Besuch in der Nähwerkstatt
Bei den Vorbereitungen für den Verkauf liegen die Jugendlichen in den letzten Zügen. In der Nähstube von Bettina Schließer-Stadtmüller in Senden rattert am Donnerstagnachmittag die Nähmaschine, ein heißes Bügeleisen zischt in der Ecke. Maria, Johannes und Franziska sind in ihre Arbeit vertieft. Maria sitzt vor einem hellblauen Pullunder, der inzwischen auf seine halbe Länge geschrumpft ist. „Ich bin gerade dabei, den Saum abzustecken“, erklärt sie. Aus dem Pullunder soll eine kurze Weste werden, am Saum verziert mit einer Spitzenborte. Nähen ist für die beiden jungen Frauen ein Leichtes, sie haben es in der Schule gelernt. „Ich kann nicht nähen“, bekennt hingegen Johannes. Seine Versuche seien erfolglos geblieben. „Aber es gibt genug drum herum zu tun, wie Nähte auftrennen und Hosen ausfransen.“
In einer Präsentation im Rahmen des Seminarkurses werden die drei Schüler nach den Pfingstferien die Wege von Kleidungsstücken nachzeichnen – woher das Material kommt, wo und unter welchen Bedingungen die Klamotten produziert wurden und was mit ihnen passiert. Anfang dieses Jahres starteten sie in ihren Heimatorten Bihlafingen, Burgrieden und Oberholzheim einen Aufruf. Bald standen die Drei vor einem großen Haufen alter Anziehsachen und konnten ihren Ideen freien Lauf lassen. Lediglich ein Youtube-Video diente als Inspiration, weitere Anregung holten sie sich beim Beobachten der aktuellen Modetrends.
Mit glänzenden Augen präsentiert Maria Röcke, die sie aus alten Jeans geschneidert hat. „Das sieht richtig gut aus“, begeistert sie sich. „Die Röcke herzustellen hat Spaß gemacht, da war ich ganz in meinem Element.“Die Hosenbeine hat sie auf der gewünschten Länge abgeschnitten, die Nähte aufgetrennt und mit Stoff aus den abgeschnittenen Teilen vernäht. Nun hält sie einen schlichten, modischen Rock in Händen.

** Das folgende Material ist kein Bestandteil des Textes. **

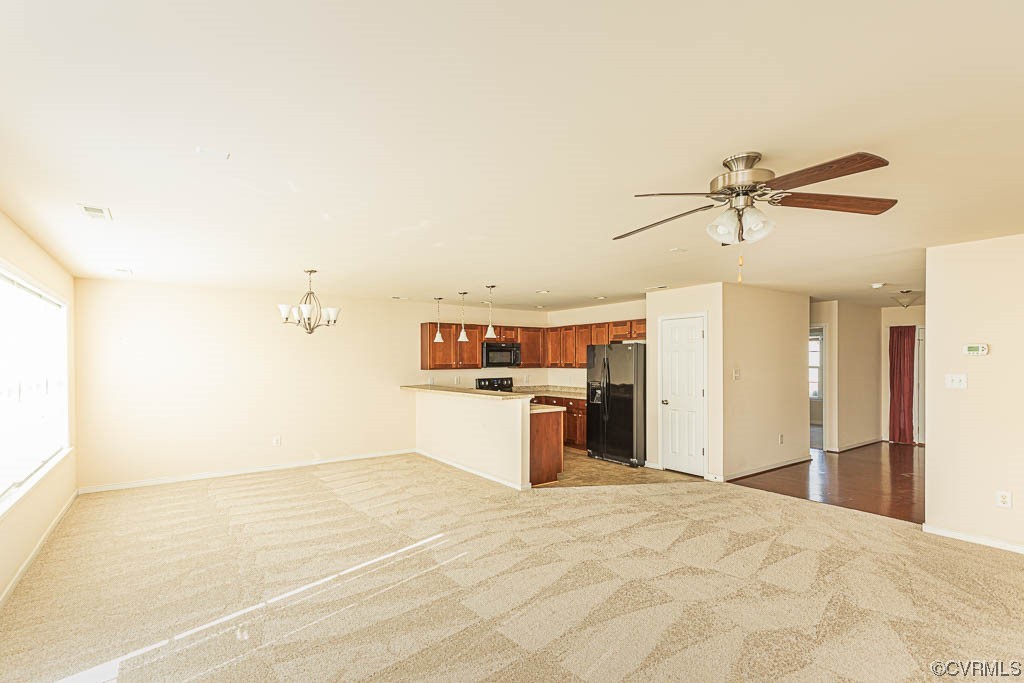 Unfurnished living room with light colored carpet and ceiling fan with notable chandelier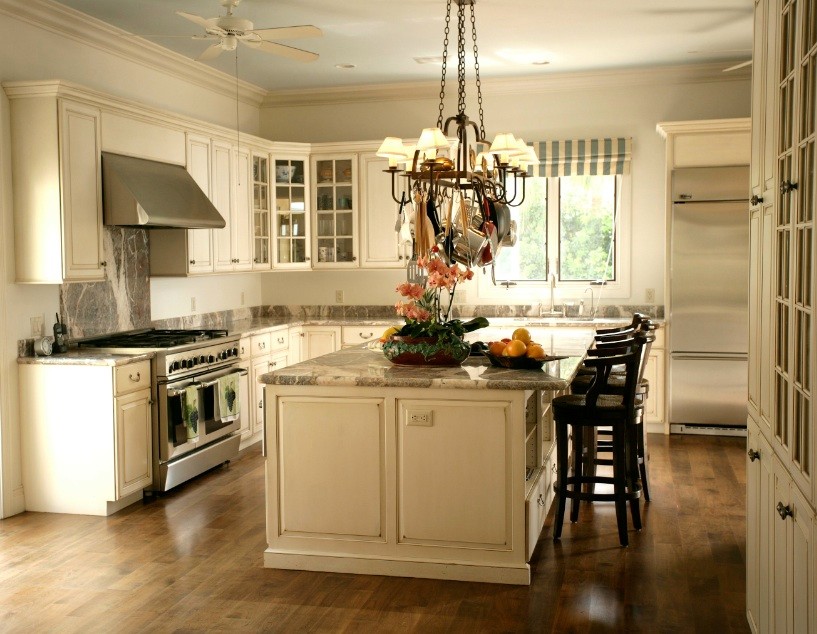 Inspiration for a large transitional l-shaped medium tone wood floor kitchen remodel in Miami with a drop-in sink, glass-front cabinets, distressed cabinets, marble countertops, stainless steel appliances, multicolored backsplash, stone slab backsplash and an island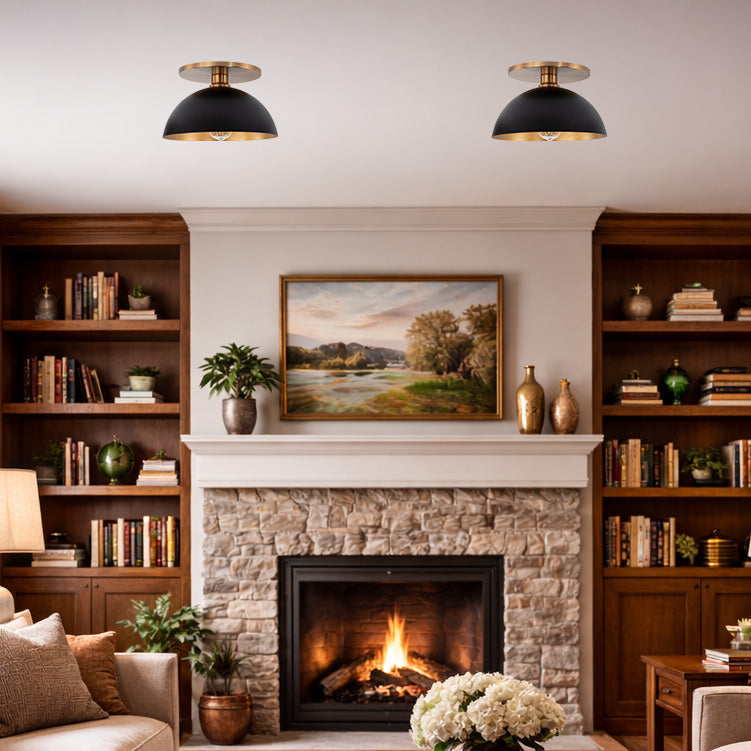 Satin Brass Flush Mount Light with Matte Black and Gold Dome in a living room
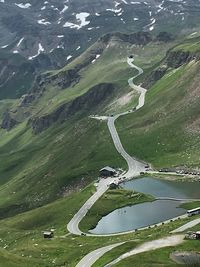 High angle view of winding road on land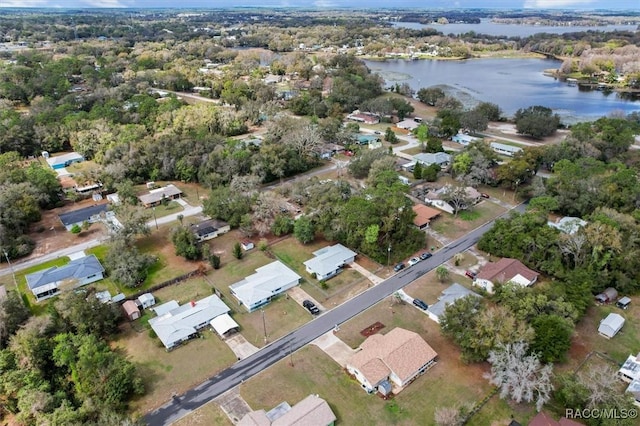 bird's eye view with a water view and a residential view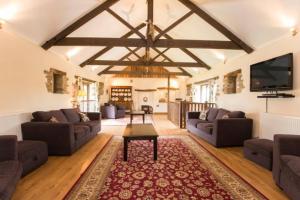 a living room with couches and a flat screen tv at Winnow Barn in Liskeard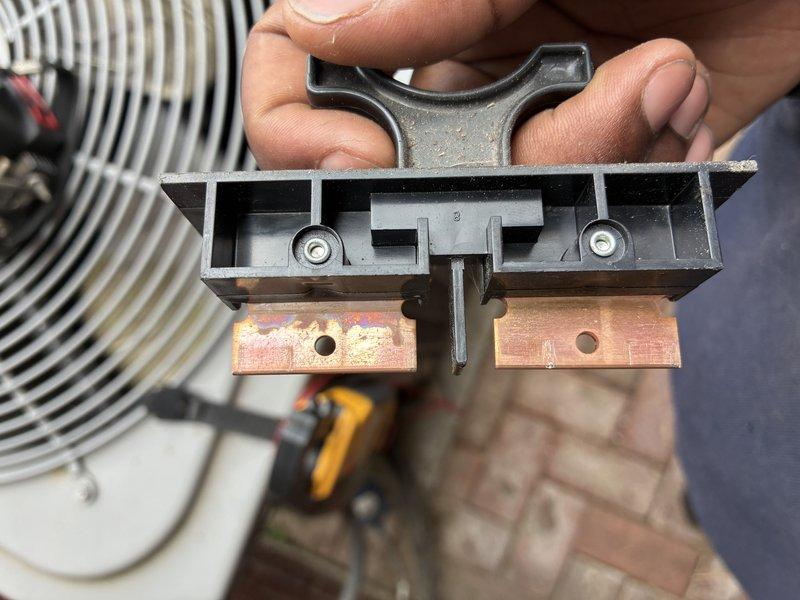 Completed comprehensive cooling maintenance on a Lennox unit as part of an MVP maintenance agreement. Performed standard AC tune-up procedures including inspection of electrical components, contactor assembly, and disconnect mechanism. Noted oxidation and blue-green patina on copper bus bars within the electrical disconnect, indicating moisture exposure over time. Inspected terminal block connections with multiple wire terminations, observing age-related discoloration and dust accumulation on wiring and components. System was operational at time of service and all connections were secure. Documented equipment condition through photographs for maintenance records.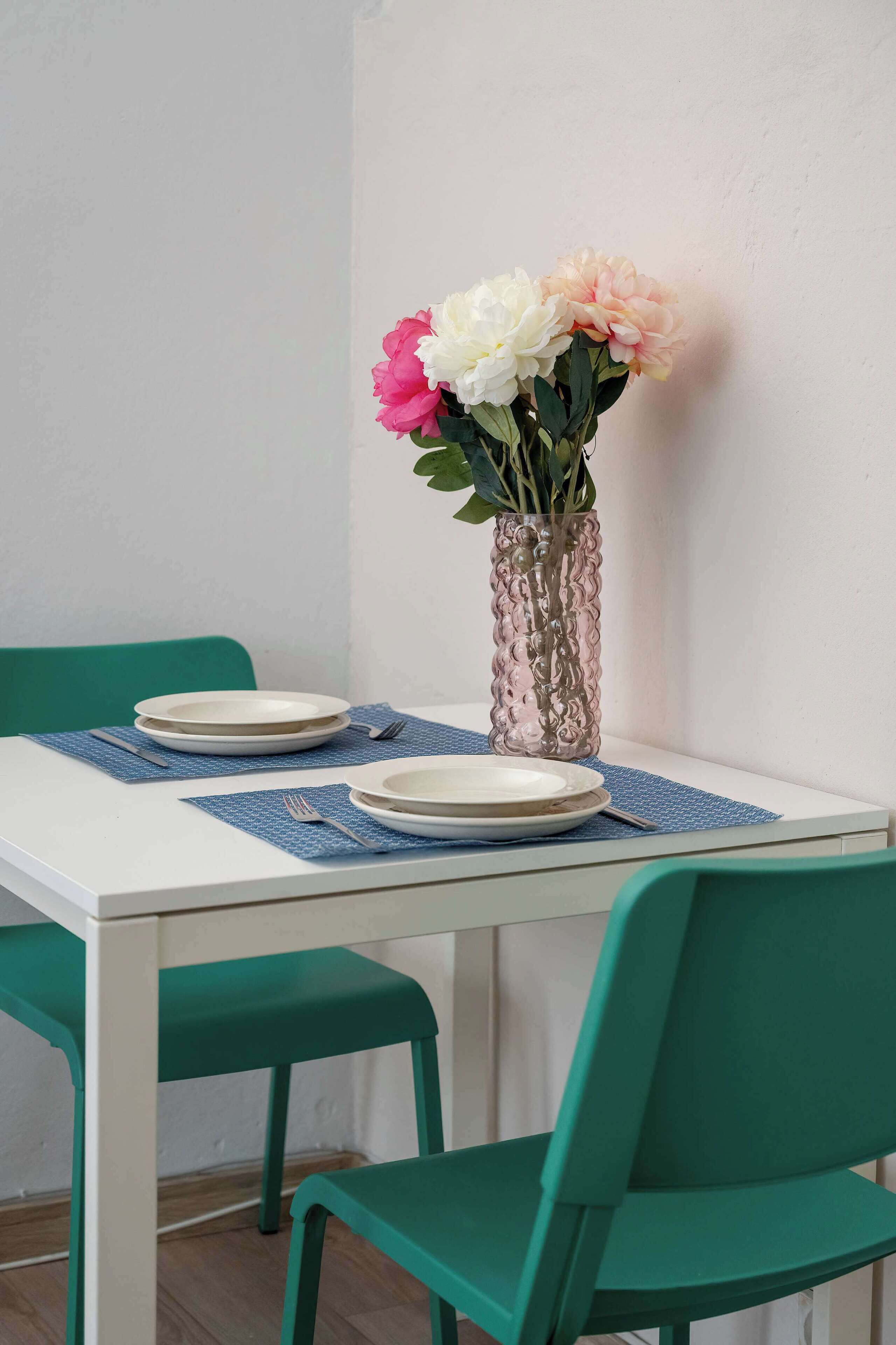Dining table with fresh flowers and place settings.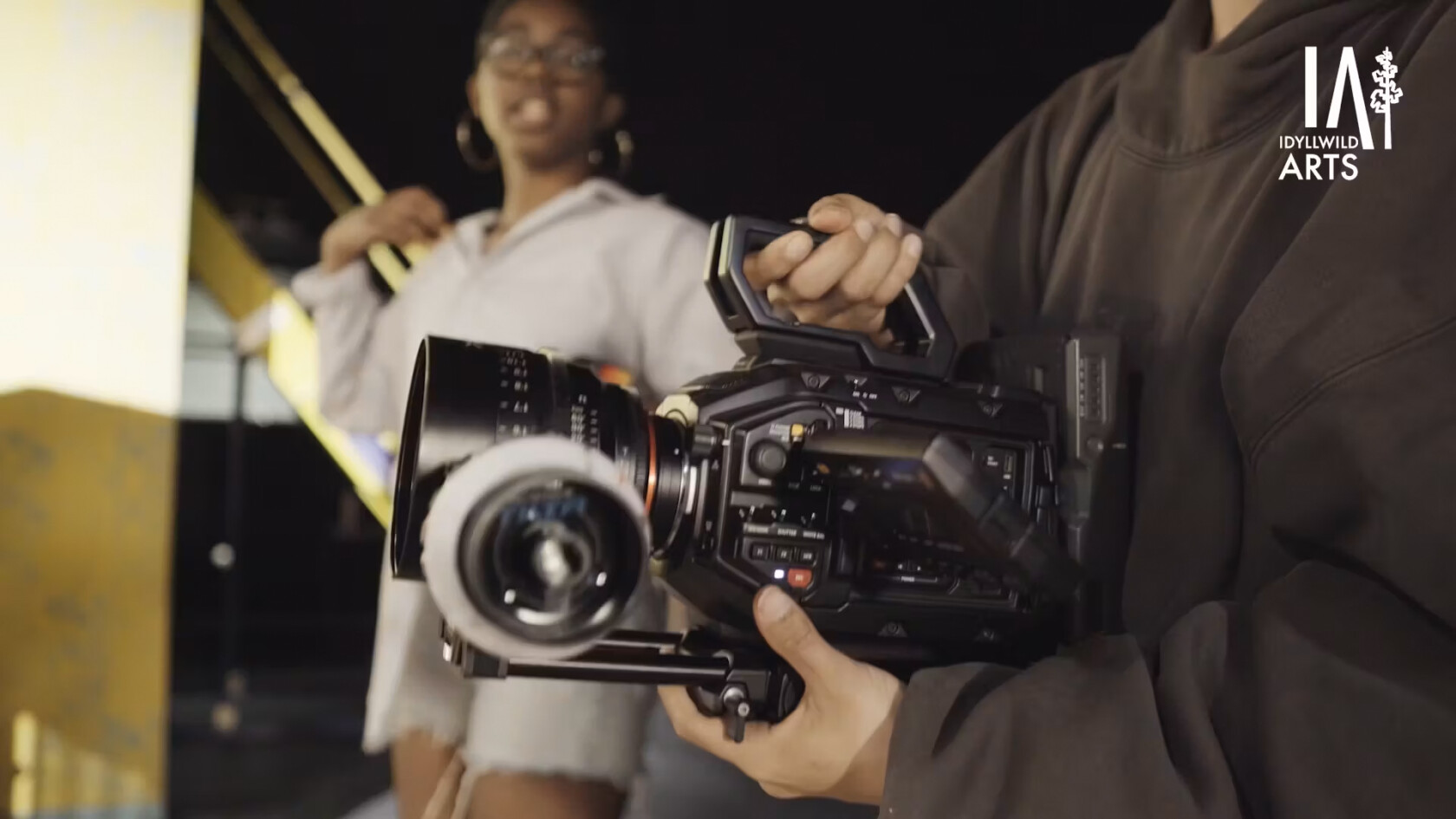 Film and digital media students using a video camera.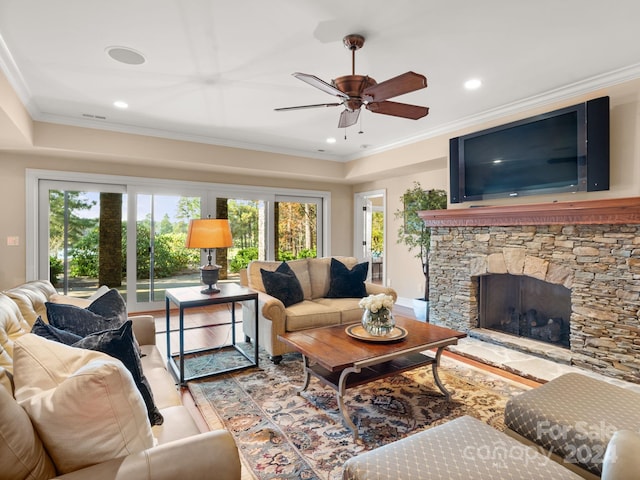29 Elkton Dr, Pinehurst, NC 28374 - living room featuring ornamental molding, hardwood / wood-style flooring, and a stone fireplace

Die Jugendlichen stecken viel freie Zeit und Liebe in die Ausarbeitung. Im Frühjahr begannen sie selbständig die Kleider zu verändern. Drei Mal besuchten sie anschließend das Nähatelier von Bettina Schließer-Stadtmüller, um ihrer Kollektion den letzten Schliff zu verpassen. Diese Woche wollen sie ein letztes Mal vorbeischauen.
Franziska bedient beim vorletzten Besuch im Atelier die Nähmaschine, eine besondere für Abend- und Ballkleider. Grüner, bunt geblümter Stoff flitzt unter ihren Fingern hinweg: Ein langes Kleid wurde gekürzt und bekommt einen Rollsaum verpasst. Als Franziska das Kleid in die Höhe hält, schwingt der Rock glockenartig mit.
Sakko-Kleider und Hosenärmel Bettina Schließer-Stadtmüller unterstützt die Schüler gerne. Bei schwierigeren Passagen steht sie ihnen mit Rat zur Seite. Eine pfiffige Idee ist die Umgestaltung eines Sakkos zu einem Kleid, mit V-Ausschnitt und Kragen. Manche Kleidungsstücke bekommen eine ganz andere Funktion, so wurden aus TShirts Umhängetaschen. Dass Kleidung, die nicht zu eng, sondern zu kurz geworden ist, nicht gleich aussortiert werden muss, zeigt sich an einer Jeansbluse, die mit dem Stoff eines anderen Oberteils verlängert wurde. Einen Pullover verzierten die Drei mit dem Kragen eines ausrangierten Hemdes. Und die Beine der Kinder-Schlafanzughose zieren nun als bunte Ärmel das weiße Trägertop.